In the natural order of things, these items presumably go together. I’m off to Sainsburys, do I have everything? Wolf hat, check. Noodly boobs, gotcha. Yay, I’m off to the supermarket in my wolf hat and noodly boobs, everybody sing! The wolf hat has furry earflaps and maybe some beading on the chin strap to get that Native American vibe. The noodly boobs are an add-on, an afterthought, perhaps they even jingle shortly before you douse them in chilli sauce and slurp.

Ponsonable Poams

Hot patooties, that poam’s ponsonable. It’s got ponsons coursing through it, pulsing with promise in iambic pentameter. Poams should be groaned in the gloaming, coated in foal foam for maximum ponsonability. Don’t you find?

squirrel

Not quite the look I wanted

Squirrel in a Sarong

This South East Asian rodent may be shy, but it instinctively knows its way around several metres of batik. It says ‘nuts’ to man-made fibres because they chafe. Here it comes now, sashaying shamelessly down the beach at Phuket, flicking its tail in such a way that its tiny, brightly coloured garment sways and swings behind it. Go forth and hula, small skirted creature.

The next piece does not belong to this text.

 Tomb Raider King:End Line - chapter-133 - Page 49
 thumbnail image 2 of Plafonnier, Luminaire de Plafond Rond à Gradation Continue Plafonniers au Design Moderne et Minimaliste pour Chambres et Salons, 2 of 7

And stay off my droll yankee or I’ll shoot you and turn your bottom half into a napkin.

Paperclip Chainmail

I’m off down the Hundred Years War, love. You seen my chainmail?

100yrswar

The one in paperclip chainmail’s MINE

Think I washed it.

You washed my chainmail? How am I supposed to charge down the enemy now?

We’ll use these paperclips the tax collector left behind last time he came collecting our tithes. Link them up and voila: Henry V’s your uncle.

Don’t go using French words at me.

You look great. Dead macho. Just promise you’ll move around a lot. They mow you down when you’re stationery.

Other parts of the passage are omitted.